Cuts are coming. That which cannot continue, won’t. That which cannot be sustained will fall by the wayside. The question is whether America will address the growing entitlement state, however painful, or retreat from the world, also painful, just in a completely different ways, and perhaps permanently."


Writers of speculative fiction such as John Birmingham have already started to make oodles of cash by considering just what a world without America, as a metaphor for American engagement in the world, would be like. Entertaining reading, but quite ghastly in long stretches.


Tuesday, April 13, 2010

re: "Israel, Petraeus and Iran"

Herschel Smith at The Captain's Journal ("dedicated to the dissemination of conservative views, based on a solidly and consistently conservative world view, on matters political and military") presents some optimistic analysis.

Money quote(s):

"We must remove the radical Mullahs or support those who would in order to avoid a regional conflagration in the near term. Everyone in the State Department already knows this, or if they don’t, they aren’t qualified to be in the employ of the government. I’m not quite sure which group is larger. One year and four months ago I forecasted that “the State Department will begin the administration will high hopes, excitement and grand ambitions for the role of diplomacy, negotiations and multi-lateral talks. By the end of the administration, a general malaise and confusion will have descended upon the entire State Department, and yet there will still be sparse and shallow understanding of why negotiations have so miserably failed to prevent or ameliorate the various calamities for which they were targeted.”"

Friday, March 26, 2010

re: "Contractors Tied to Effort to Track and Kill Militants"

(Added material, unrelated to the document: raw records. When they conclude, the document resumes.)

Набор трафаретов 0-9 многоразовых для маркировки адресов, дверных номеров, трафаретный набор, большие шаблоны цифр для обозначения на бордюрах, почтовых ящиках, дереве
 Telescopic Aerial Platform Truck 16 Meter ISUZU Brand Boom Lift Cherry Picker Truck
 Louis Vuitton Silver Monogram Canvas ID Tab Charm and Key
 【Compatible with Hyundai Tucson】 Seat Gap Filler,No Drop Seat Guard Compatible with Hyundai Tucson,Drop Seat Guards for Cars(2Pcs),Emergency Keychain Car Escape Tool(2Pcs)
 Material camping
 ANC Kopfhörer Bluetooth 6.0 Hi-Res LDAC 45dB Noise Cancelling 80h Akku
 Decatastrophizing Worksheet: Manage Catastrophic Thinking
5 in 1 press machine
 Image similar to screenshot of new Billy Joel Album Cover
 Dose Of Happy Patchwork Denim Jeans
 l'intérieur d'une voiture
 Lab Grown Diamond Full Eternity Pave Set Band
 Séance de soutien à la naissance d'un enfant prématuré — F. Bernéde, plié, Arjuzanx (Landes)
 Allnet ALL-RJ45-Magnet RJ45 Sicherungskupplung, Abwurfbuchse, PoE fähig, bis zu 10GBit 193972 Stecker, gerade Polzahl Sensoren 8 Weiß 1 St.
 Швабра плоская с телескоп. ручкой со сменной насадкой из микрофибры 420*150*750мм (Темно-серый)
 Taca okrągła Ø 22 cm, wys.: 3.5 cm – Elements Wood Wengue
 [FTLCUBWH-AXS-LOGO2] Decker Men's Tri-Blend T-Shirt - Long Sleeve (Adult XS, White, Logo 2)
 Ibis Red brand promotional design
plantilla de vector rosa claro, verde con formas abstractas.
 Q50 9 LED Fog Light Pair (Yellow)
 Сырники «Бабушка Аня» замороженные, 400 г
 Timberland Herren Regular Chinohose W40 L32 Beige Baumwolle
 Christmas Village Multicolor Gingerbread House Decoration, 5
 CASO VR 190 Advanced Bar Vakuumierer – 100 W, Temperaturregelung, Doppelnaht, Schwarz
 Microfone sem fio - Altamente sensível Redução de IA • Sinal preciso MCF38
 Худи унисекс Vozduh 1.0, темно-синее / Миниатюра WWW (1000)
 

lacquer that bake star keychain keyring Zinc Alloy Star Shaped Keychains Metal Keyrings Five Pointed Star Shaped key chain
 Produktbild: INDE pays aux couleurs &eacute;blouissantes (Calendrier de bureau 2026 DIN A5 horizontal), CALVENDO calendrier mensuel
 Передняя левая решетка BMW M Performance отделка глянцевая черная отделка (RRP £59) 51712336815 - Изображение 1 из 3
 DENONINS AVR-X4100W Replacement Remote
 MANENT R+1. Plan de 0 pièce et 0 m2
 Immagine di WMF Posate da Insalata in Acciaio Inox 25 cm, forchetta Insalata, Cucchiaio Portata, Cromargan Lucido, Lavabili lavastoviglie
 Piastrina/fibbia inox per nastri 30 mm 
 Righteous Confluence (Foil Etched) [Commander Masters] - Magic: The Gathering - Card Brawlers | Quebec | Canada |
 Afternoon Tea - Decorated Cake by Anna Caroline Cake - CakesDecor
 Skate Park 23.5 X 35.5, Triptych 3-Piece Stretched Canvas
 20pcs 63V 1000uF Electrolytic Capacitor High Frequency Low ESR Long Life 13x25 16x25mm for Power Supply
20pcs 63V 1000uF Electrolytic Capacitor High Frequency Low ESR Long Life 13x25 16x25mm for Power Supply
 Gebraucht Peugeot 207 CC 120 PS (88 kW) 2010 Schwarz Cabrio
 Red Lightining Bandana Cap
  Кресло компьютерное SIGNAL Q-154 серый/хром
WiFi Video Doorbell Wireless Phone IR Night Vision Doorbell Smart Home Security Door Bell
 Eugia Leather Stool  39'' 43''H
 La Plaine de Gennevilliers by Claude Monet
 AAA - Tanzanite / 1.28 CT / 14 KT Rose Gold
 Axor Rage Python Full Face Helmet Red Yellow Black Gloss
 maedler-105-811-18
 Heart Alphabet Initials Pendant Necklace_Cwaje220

Herschel Smith at The Captain's Journal ("dedicated to the dissemination of conservative views, based on a solidly and consistently conservative world view, on matters political and military") cuts to the heart of this: money.

Money quote(s):

"So the story line is that Jordan and his cohorts were hired to build and maintain a web site similar to Iraq Slogger, except for Afghanistan. I don’t believe that charging for content on Iraq Slogger worked out very well, and they apparently worked a deal with the DoD to fund this new web site with tax dollars. Some of “their” money got diverted to use in actually developing real intelligence and killing the enemy, and they went to The New York Times, complaining and moaning about lost revenue.

Since I have gone on record demanding a covert campaign to foment an insurgency inside of Iran (as well as advocated targeted assassinations of certain figures such as Moqtada al Sadr and others), it should come as no surprise that I have no problem with dollars being spent wherever they are best utilized. It’s amusing that a government official said “no legitimate intelligence operations got screwed up.” No, to the contrary, these dollars redounded to success. There is a lesson in this.
"

&

"(T)here is the moralistic element to this account. It’s an outrage: his information was “being used to kill people,” intoned the flabbergasted Pelton. This is the same preening, holier than thou, sanctimonious crap that we heard from the anthropologists who weighed in against the use of human terrain teams – as if war isn’t a legitimate application for anthropology. Every enlisted man and officer in war practices anthropology every day."